▶ [Work required]
Extract precisely the lines that run from the line containing "Klesis Ethnic Boarder Smocked Jumpsuit" to the end of the records below, with both ends included and pictures omitted.

▶ [Supplied records]

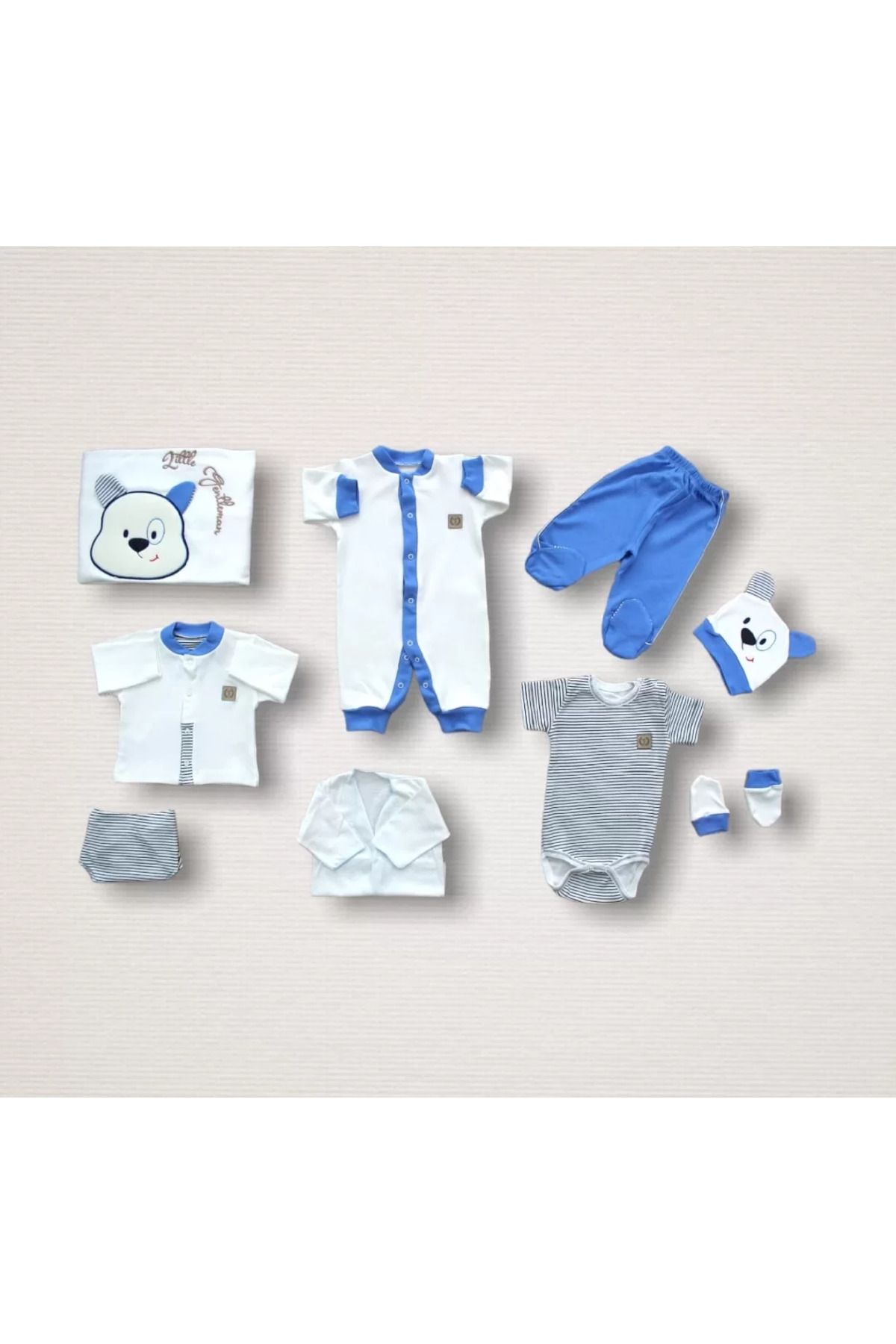 Shop58 Minik Centilmen Ayı Nakışlı %100 Cotton Antibakteriyel 10lu Zıbın Takımı Hastane Çıkışı
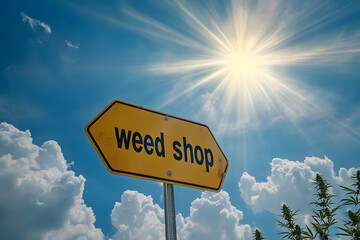 Fototapeta premium A vibrant weed shop sign under a bright sun against a beautiful blue sky with fluffy clouds, symbolizing contemporary culture.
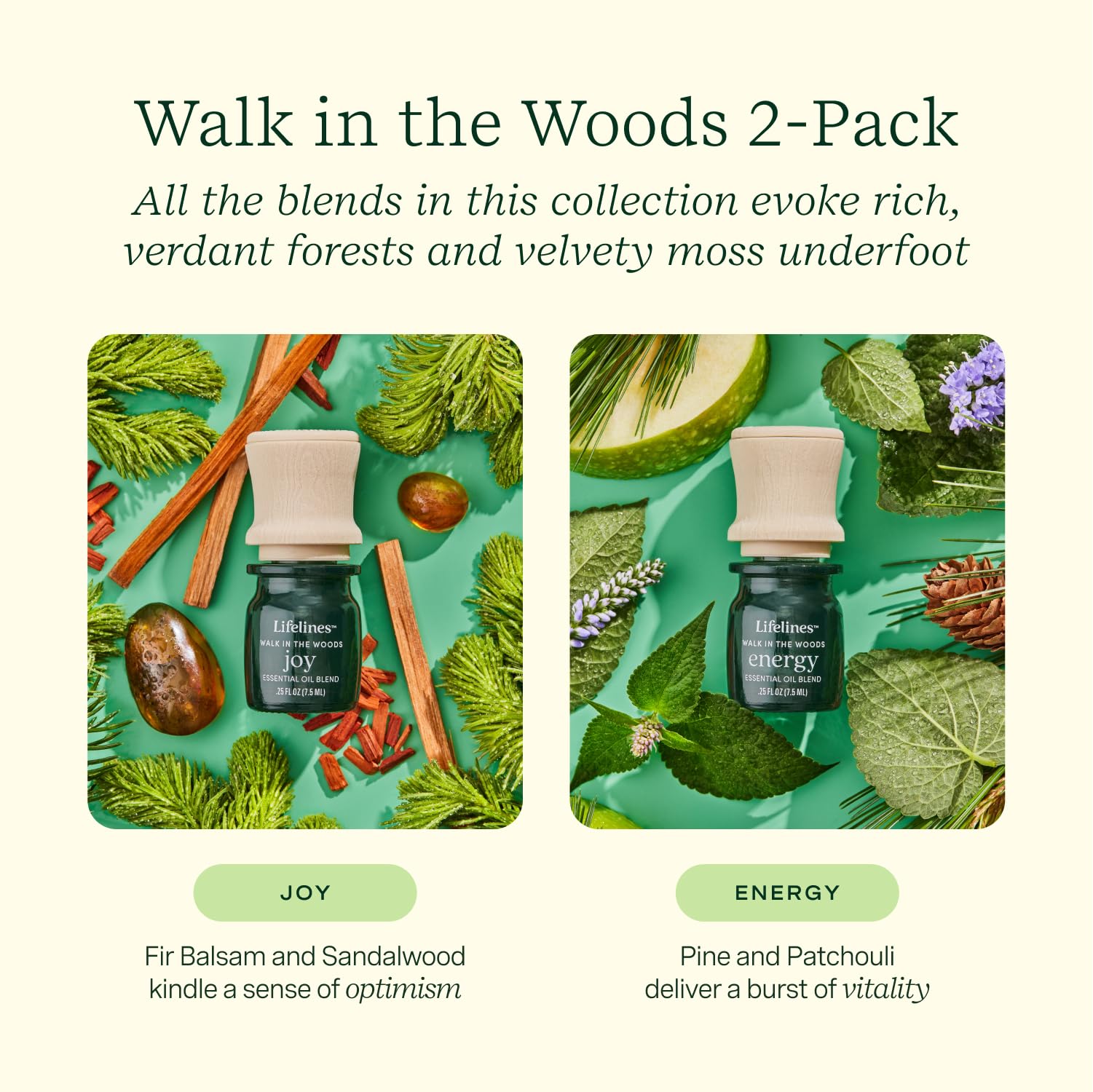 Lifelines Essential Oil Blend 2-Pack, Walk in The Woods: Energy & Joy Oils for Essential Oil Diffuser Lifelines buy supplements canada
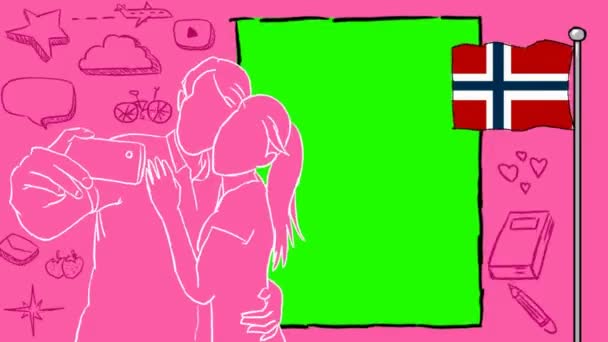 Noruega Turismo Dibujado Mano — Vídeos de Stock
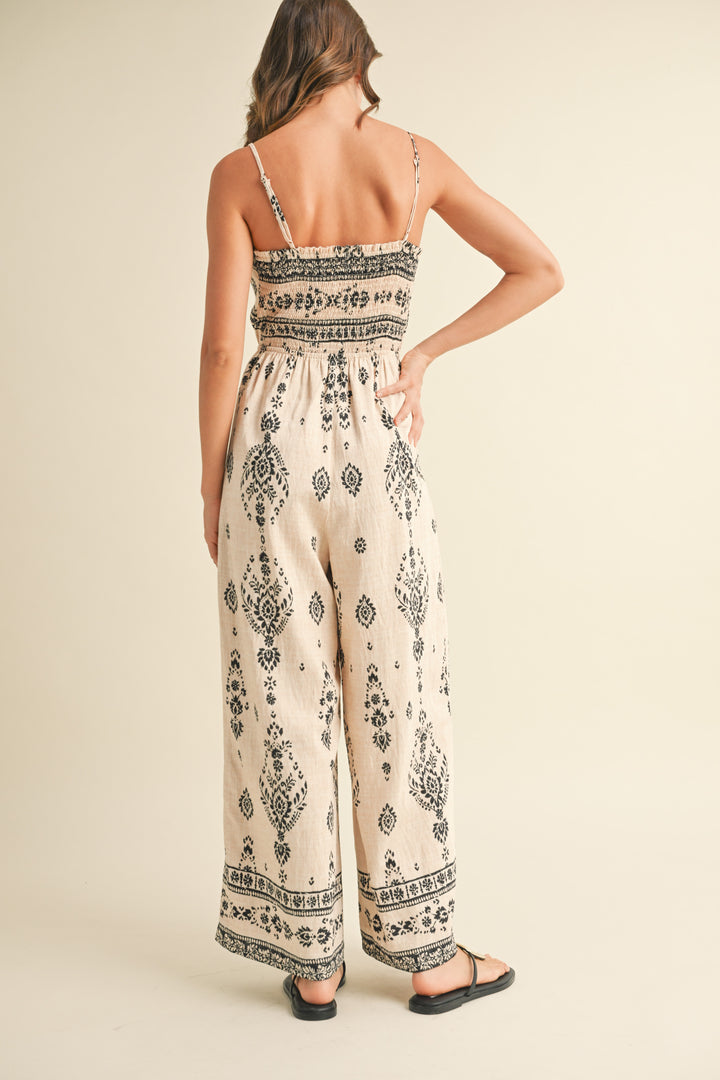 Klesis Ethnic Boarder Smocked Jumpsuit
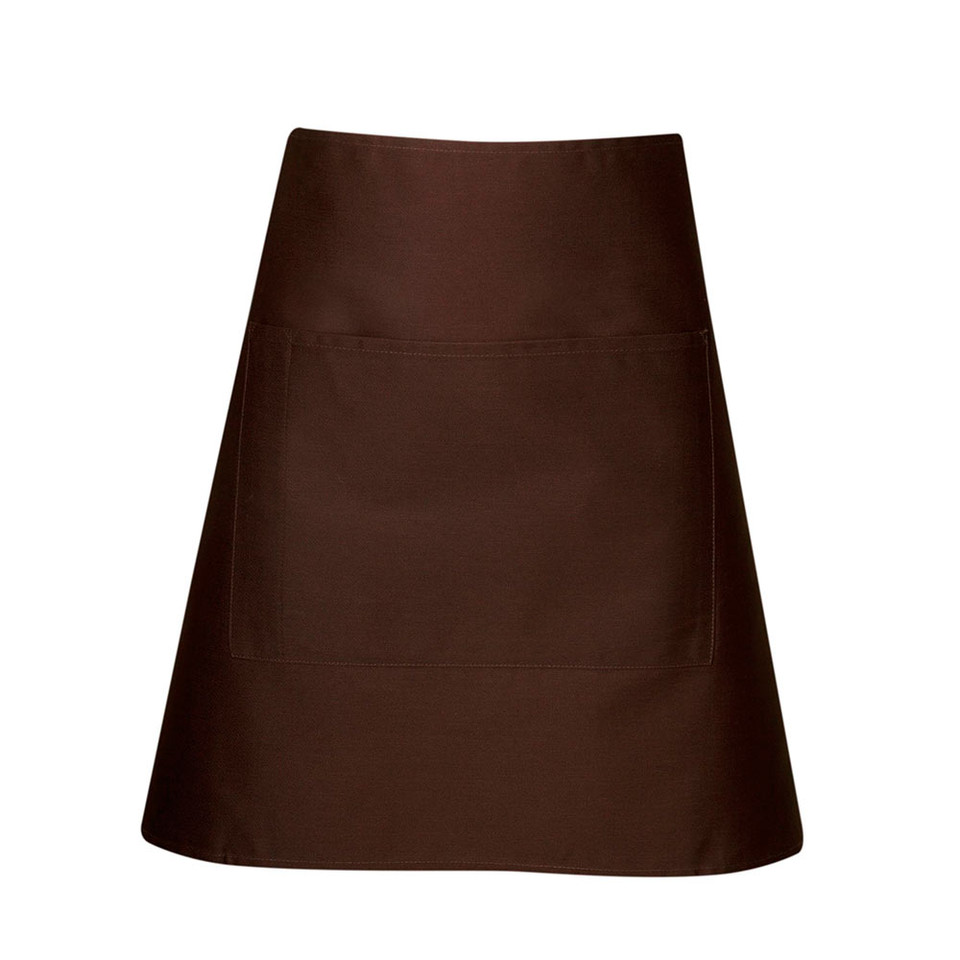 Brown Plain SKILLET short waist apron (half bistro apron) made from durable, easy-care poly-cotton drill fabric, featuring a handy front pouch pocket for hospitality and uniform use.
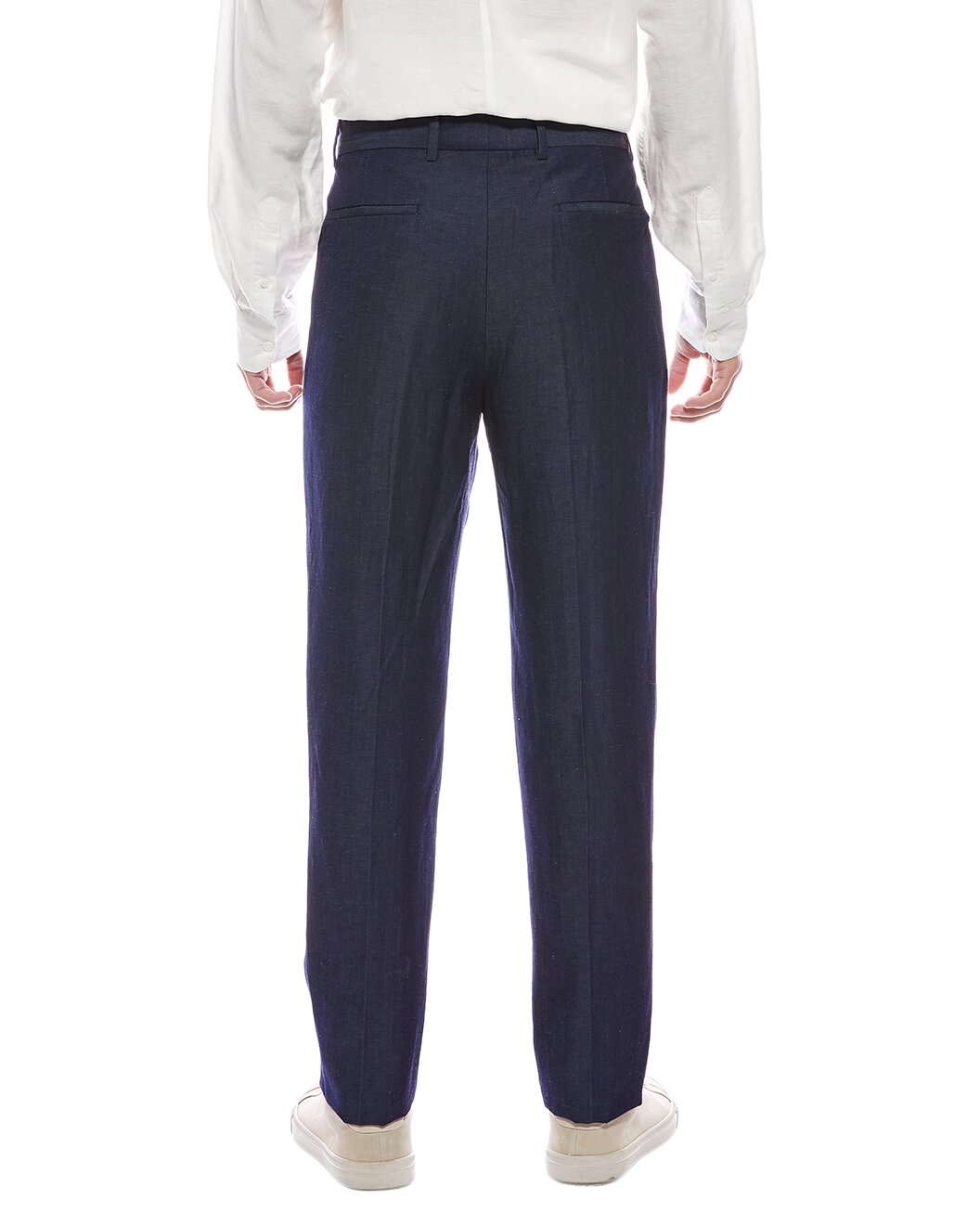 BRUNELLO CUCINELLI MEN'S NAVY WOOL LINEN TAILORED TROUSERS
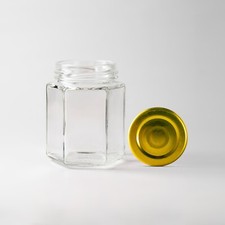 Sechseckige Glasgläser von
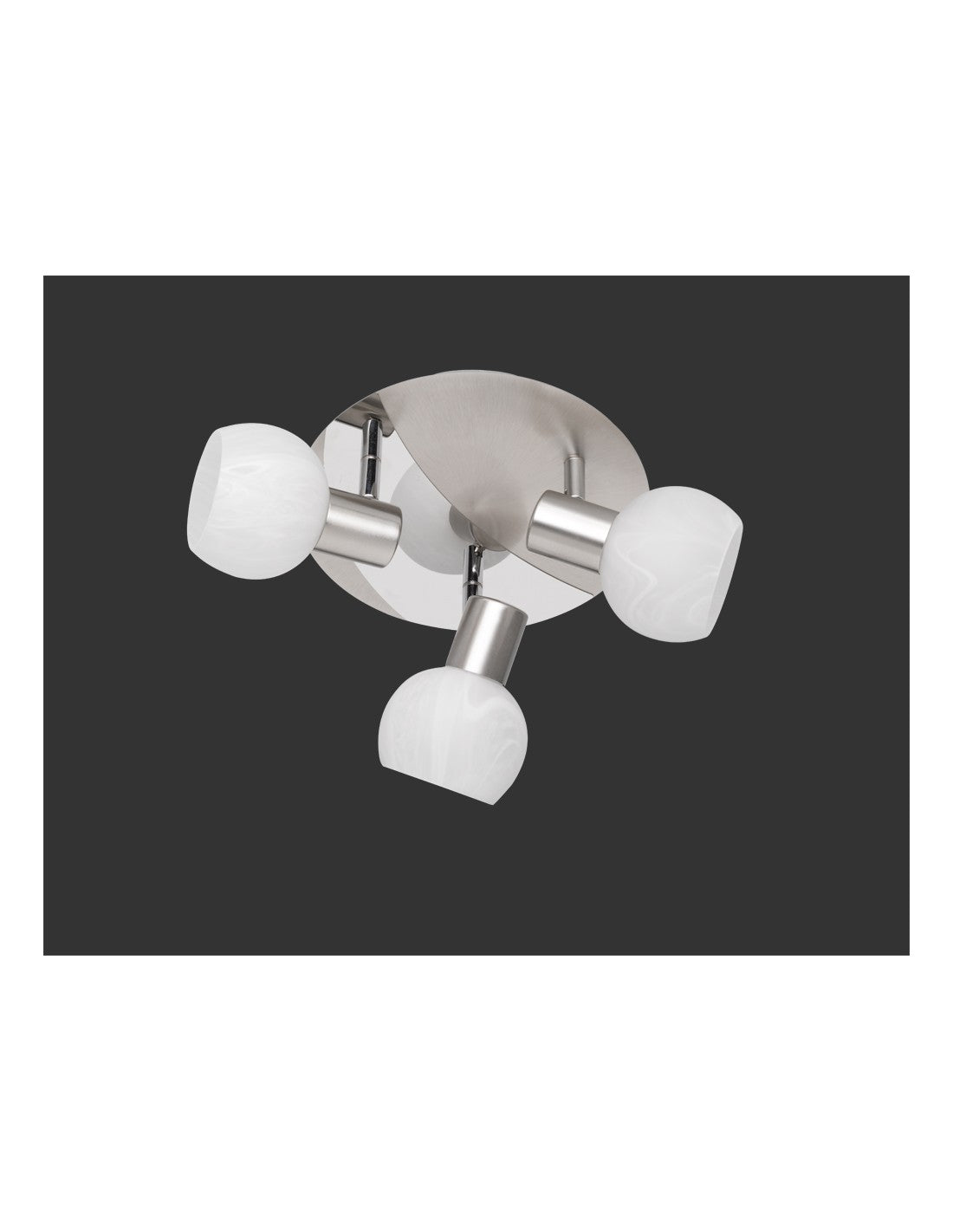 Spot Plafond 3xE14 Antibes Nickel Et Verre Blanc Ø22 cm Trio Lighting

▶ [Task output]
 Klesis Ethnic Boarder Smocked Jumpsuit
 Brown Plain SKILLET short waist apron (half bistro apron) made from durable, easy-care poly-cotton drill fabric, featuring a handy front pouch pocket for hospitality and uniform use.
 BRUNELLO CUCINELLI MEN'S NAVY WOOL LINEN TAILORED TROUSERS
 Sechseckige Glasgläser von
 Spot Plafond 3xE14 Antibes Nickel Et Verre Blanc Ø22 cm Trio Lighting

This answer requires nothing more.